What the task requires |
Once you reach the line containing "Esthederm Ren mousse rensemiddel" in the entries below, write out that line and each one after it down to the line containing "BRYTON RIDER 15 NEO E 5", exactly and with nothing added.
═════ Data for analysis ═════
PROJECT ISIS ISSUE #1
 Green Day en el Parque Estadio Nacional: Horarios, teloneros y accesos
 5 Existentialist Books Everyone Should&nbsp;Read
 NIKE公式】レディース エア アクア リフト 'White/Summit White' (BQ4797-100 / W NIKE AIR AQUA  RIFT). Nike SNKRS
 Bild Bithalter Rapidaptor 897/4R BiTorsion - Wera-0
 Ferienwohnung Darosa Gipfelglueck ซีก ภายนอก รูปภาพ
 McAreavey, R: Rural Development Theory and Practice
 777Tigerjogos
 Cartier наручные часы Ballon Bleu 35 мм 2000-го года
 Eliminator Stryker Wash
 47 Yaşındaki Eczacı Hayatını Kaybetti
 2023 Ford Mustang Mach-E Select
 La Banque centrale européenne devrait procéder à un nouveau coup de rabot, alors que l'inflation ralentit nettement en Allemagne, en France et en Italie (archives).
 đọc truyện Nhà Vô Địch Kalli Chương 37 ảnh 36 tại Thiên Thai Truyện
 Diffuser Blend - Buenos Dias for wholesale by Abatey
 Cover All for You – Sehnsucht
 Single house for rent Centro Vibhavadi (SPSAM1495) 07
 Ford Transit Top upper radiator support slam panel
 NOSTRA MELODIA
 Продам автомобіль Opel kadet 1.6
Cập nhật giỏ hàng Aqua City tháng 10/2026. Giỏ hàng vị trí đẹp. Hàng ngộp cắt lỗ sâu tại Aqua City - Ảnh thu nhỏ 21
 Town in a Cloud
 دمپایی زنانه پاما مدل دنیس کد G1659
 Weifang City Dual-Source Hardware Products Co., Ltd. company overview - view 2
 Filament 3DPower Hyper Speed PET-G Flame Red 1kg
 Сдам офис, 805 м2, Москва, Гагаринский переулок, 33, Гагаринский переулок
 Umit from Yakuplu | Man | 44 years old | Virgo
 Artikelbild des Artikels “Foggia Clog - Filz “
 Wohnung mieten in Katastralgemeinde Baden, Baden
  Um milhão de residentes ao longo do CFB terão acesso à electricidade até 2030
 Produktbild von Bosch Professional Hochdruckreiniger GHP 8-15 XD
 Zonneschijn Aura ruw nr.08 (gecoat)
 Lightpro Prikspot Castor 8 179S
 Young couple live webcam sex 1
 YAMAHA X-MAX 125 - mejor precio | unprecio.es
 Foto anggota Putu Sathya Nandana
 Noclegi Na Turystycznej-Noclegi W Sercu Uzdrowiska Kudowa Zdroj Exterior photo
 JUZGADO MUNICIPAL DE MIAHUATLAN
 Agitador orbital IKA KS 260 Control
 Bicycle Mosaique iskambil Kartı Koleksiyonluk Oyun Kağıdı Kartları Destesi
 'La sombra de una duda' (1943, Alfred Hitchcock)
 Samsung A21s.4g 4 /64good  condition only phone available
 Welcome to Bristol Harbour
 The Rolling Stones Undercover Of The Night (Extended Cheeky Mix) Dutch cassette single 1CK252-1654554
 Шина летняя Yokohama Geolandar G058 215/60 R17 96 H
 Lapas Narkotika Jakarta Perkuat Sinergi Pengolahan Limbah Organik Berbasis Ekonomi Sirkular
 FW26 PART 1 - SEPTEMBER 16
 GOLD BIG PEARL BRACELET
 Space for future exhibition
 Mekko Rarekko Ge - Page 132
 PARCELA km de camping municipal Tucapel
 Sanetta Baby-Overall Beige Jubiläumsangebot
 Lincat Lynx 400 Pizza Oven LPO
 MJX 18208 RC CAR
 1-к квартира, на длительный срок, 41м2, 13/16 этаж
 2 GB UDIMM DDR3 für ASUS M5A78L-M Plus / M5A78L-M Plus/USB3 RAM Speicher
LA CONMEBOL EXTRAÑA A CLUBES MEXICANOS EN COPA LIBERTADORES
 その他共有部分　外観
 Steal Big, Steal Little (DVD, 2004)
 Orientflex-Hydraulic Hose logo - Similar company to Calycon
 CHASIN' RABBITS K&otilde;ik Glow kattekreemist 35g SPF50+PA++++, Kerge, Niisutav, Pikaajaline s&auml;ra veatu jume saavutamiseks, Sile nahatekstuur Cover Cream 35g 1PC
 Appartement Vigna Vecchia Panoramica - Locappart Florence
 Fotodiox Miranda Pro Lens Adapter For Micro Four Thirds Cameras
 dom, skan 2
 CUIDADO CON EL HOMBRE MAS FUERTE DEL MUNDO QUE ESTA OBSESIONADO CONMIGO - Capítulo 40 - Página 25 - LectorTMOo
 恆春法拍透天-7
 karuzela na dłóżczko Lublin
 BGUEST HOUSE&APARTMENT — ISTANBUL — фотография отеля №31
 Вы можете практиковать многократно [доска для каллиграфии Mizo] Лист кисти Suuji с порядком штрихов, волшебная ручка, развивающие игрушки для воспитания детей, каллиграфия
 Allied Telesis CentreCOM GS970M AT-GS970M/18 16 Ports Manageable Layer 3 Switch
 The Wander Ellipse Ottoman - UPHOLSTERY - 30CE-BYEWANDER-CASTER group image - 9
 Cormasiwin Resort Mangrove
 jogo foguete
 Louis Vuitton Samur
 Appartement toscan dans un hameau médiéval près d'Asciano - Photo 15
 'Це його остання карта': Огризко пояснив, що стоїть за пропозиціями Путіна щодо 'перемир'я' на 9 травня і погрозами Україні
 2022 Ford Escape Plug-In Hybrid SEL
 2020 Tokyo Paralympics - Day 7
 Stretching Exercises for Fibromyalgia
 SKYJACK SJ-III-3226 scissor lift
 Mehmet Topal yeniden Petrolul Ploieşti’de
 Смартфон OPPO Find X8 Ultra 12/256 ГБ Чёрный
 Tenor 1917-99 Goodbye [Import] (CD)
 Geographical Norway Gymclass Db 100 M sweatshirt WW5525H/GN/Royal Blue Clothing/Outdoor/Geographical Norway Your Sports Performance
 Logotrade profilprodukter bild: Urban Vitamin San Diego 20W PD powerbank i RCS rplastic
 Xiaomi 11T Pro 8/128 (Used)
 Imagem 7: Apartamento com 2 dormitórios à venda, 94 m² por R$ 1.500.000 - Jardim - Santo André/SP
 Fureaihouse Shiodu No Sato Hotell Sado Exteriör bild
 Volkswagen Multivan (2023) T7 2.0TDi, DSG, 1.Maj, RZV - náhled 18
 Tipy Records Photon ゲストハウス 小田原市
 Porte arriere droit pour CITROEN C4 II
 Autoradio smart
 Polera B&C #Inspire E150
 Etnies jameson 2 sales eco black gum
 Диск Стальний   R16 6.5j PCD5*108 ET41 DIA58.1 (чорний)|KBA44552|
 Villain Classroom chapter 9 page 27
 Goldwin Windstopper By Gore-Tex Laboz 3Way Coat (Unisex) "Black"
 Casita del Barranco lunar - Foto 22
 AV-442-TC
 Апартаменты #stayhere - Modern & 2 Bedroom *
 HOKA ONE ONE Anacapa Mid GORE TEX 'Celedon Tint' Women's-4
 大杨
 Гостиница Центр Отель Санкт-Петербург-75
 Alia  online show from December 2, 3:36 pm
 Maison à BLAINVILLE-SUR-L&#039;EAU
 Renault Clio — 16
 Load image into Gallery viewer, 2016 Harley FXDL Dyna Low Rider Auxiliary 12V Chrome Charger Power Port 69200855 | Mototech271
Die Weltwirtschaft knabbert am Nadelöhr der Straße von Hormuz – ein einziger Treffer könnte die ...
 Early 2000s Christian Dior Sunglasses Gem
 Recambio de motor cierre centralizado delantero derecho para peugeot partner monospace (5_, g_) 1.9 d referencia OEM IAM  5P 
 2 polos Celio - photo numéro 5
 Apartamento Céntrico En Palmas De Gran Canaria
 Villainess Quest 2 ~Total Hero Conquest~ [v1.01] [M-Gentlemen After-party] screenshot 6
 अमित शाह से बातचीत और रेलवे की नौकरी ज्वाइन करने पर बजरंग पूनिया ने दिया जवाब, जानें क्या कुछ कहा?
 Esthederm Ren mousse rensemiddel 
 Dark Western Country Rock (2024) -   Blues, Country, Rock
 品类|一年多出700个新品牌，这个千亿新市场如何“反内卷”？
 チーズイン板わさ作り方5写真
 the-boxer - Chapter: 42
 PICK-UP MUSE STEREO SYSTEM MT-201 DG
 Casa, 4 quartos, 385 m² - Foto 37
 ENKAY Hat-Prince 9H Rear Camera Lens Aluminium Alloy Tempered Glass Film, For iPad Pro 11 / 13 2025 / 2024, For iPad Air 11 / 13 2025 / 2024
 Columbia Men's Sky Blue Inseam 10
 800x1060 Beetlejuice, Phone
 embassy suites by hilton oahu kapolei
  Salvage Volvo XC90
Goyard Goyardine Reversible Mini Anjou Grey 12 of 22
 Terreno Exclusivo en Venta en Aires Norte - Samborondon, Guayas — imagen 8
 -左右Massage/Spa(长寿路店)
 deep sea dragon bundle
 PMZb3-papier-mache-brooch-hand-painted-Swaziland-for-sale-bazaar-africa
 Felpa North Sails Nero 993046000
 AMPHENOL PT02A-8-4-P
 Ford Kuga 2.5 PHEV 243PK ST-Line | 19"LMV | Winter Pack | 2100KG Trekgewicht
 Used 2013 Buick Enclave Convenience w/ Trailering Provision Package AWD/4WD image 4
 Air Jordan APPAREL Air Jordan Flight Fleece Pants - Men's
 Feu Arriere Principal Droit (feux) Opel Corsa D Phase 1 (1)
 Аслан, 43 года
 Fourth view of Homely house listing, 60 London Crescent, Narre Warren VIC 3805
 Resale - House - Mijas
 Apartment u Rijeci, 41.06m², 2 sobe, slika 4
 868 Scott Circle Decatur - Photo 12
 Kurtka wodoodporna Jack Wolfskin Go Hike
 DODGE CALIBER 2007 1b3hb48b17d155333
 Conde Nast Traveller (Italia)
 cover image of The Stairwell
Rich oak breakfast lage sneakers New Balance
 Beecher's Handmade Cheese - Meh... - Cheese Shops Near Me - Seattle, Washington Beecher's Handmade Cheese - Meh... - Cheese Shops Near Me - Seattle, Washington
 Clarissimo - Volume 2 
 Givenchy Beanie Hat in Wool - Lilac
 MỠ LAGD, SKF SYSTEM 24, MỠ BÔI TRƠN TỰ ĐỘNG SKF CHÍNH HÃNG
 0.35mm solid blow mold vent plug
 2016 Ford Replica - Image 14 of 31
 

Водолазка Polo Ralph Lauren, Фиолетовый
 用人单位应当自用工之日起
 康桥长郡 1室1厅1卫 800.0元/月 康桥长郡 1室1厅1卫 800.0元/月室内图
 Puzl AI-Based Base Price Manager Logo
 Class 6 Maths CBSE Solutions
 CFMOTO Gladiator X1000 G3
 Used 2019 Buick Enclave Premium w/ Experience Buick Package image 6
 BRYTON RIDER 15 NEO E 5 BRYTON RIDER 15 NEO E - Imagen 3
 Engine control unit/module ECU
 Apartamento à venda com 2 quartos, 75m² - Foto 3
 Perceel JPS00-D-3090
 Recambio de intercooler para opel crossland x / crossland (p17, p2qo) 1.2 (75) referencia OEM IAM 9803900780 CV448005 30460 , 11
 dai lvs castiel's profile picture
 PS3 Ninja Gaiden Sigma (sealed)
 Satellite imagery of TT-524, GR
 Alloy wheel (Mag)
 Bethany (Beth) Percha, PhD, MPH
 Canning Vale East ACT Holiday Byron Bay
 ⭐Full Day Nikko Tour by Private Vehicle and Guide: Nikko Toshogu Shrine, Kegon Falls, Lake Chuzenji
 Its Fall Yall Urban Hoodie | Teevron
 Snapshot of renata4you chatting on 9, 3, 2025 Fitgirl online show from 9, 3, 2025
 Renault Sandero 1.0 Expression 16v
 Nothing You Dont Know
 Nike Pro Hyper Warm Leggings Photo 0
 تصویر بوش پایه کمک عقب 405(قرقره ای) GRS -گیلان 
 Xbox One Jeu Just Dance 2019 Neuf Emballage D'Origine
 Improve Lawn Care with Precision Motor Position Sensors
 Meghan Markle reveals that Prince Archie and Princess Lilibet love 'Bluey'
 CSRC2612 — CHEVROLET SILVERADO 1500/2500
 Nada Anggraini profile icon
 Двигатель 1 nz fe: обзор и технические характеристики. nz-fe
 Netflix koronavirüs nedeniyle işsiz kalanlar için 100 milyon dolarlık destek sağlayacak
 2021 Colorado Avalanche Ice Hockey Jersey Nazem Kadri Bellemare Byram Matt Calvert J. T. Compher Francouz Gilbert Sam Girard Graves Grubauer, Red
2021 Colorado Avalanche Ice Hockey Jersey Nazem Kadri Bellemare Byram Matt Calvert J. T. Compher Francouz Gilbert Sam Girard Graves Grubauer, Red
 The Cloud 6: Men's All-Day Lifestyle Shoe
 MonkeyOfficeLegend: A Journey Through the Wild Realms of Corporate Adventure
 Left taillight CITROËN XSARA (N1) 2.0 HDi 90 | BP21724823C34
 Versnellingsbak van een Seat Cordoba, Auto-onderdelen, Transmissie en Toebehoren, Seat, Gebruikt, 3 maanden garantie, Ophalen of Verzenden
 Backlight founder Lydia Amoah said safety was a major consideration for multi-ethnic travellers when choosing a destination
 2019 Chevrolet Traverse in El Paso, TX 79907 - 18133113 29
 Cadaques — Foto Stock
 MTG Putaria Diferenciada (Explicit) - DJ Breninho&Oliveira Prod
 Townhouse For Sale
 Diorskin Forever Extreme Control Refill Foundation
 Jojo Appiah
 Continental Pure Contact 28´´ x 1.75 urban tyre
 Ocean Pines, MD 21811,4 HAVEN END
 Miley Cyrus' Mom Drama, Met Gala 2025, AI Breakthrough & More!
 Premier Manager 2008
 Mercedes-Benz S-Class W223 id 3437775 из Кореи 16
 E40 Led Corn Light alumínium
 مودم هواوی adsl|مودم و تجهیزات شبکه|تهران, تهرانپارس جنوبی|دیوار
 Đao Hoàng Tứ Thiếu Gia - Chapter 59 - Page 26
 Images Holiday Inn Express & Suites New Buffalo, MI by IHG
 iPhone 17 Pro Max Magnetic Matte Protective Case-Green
═════
Response area |
 Esthederm Ren mousse rensemiddel 
 Dark Western Country Rock (2024) -   Blues, Country, Rock
 品类|一年多出700个新品牌，这个千亿新市场如何“反内卷”？
 チーズイン板わさ作り方5写真
 the-boxer - Chapter: 42
 PICK-UP MUSE STEREO SYSTEM MT-201 DG
 Casa, 4 quartos, 385 m² - Foto 37
 ENKAY Hat-Prince 9H Rear Camera Lens Aluminium Alloy Tempered Glass Film, For iPad Pro 11 / 13 2025 / 2024, For iPad Air 11 / 13 2025 / 2024
 Columbia Men's Sky Blue Inseam 10
 800x1060 Beetlejuice, Phone
 embassy suites by hilton oahu kapolei
  Salvage Volvo XC90
Goyard Goyardine Reversible Mini Anjou Grey 12 of 22
 Terreno Exclusivo en Venta en Aires Norte - Samborondon, Guayas — imagen 8
 -左右Massage/Spa(长寿路店)
 deep sea dragon bundle
 PMZb3-papier-mache-brooch-hand-painted-Swaziland-for-sale-bazaar-africa
 Felpa North Sails Nero 993046000
 AMPHENOL PT02A-8-4-P
 Ford Kuga 2.5 PHEV 243PK ST-Line | 19"LMV | Winter Pack | 2100KG Trekgewicht
 Used 2013 Buick Enclave Convenience w/ Trailering Provision Package AWD/4WD image 4
 Air Jordan APPAREL Air Jordan Flight Fleece Pants - Men's
 Feu Arriere Principal Droit (feux) Opel Corsa D Phase 1 (1)
 Аслан, 43 года
 Fourth view of Homely house listing, 60 London Crescent, Narre Warren VIC 3805
 Resale - House - Mijas
 Apartment u Rijeci, 41.06m², 2 sobe, slika 4
 868 Scott Circle Decatur - Photo 12
 Kurtka wodoodporna Jack Wolfskin Go Hike
 DODGE CALIBER 2007 1b3hb48b17d155333
 Conde Nast Traveller (Italia)
 cover image of The Stairwell
Rich oak breakfast lage sneakers New Balance
 Beecher's Handmade Cheese - Meh... - Cheese Shops Near Me - Seattle, Washington Beecher's Handmade Cheese - Meh... - Cheese Shops Near Me - Seattle, Washington
 Clarissimo - Volume 2 
 Givenchy Beanie Hat in Wool - Lilac
 MỠ LAGD, SKF SYSTEM 24, MỠ BÔI TRƠN TỰ ĐỘNG SKF CHÍNH HÃNG
 0.35mm solid blow mold vent plug
 2016 Ford Replica - Image 14 of 31
 

Водолазка Polo Ralph Lauren, Фиолетовый
 用人单位应当自用工之日起
 康桥长郡 1室1厅1卫 800.0元/月 康桥长郡 1室1厅1卫 800.0元/月室内图
 Puzl AI-Based Base Price Manager Logo
 Class 6 Maths CBSE Solutions
 CFMOTO Gladiator X1000 G3
 Used 2019 Buick Enclave Premium w/ Experience Buick Package image 6
 BRYTON RIDER 15 NEO E 5 BRYTON RIDER 15 NEO E - Imagen 3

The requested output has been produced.